++++ Task data
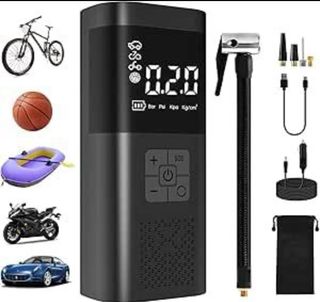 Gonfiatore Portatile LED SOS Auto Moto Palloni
++++++++
++++ Task data
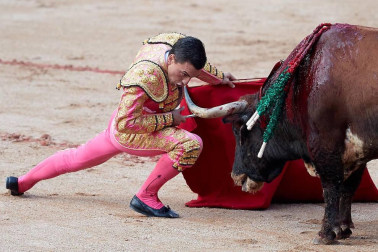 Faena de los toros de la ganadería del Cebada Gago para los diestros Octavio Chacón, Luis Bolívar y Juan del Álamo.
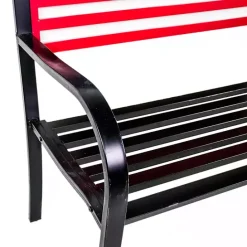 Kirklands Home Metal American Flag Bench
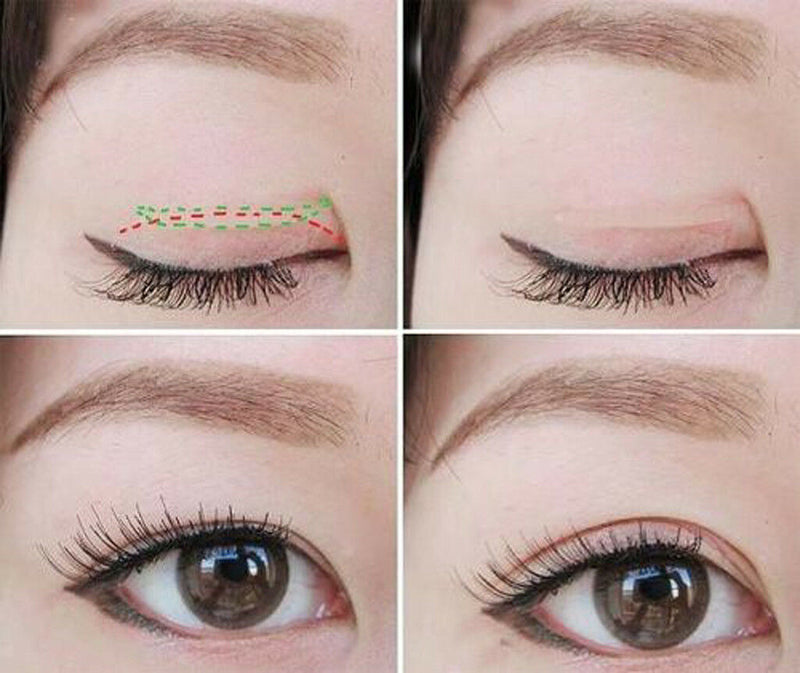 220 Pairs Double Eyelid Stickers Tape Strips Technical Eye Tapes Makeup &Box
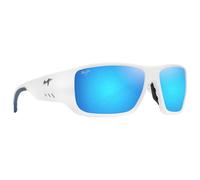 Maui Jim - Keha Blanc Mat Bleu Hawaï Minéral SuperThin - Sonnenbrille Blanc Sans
++++++++
• What is being asked
What's needed is an exact copy of the lines above from the one with "220 Pairs Double" through the one with "Maui Jim - Keha", both included; the pictures stay out.

• Answer for the task
 220 Pairs Double Eyelid Stickers Tape Strips Technical Eye Tapes Makeup &Box
 Maui Jim - Keha Blanc Mat Bleu Hawaï Minéral SuperThin - Sonnenbrille Blanc Sans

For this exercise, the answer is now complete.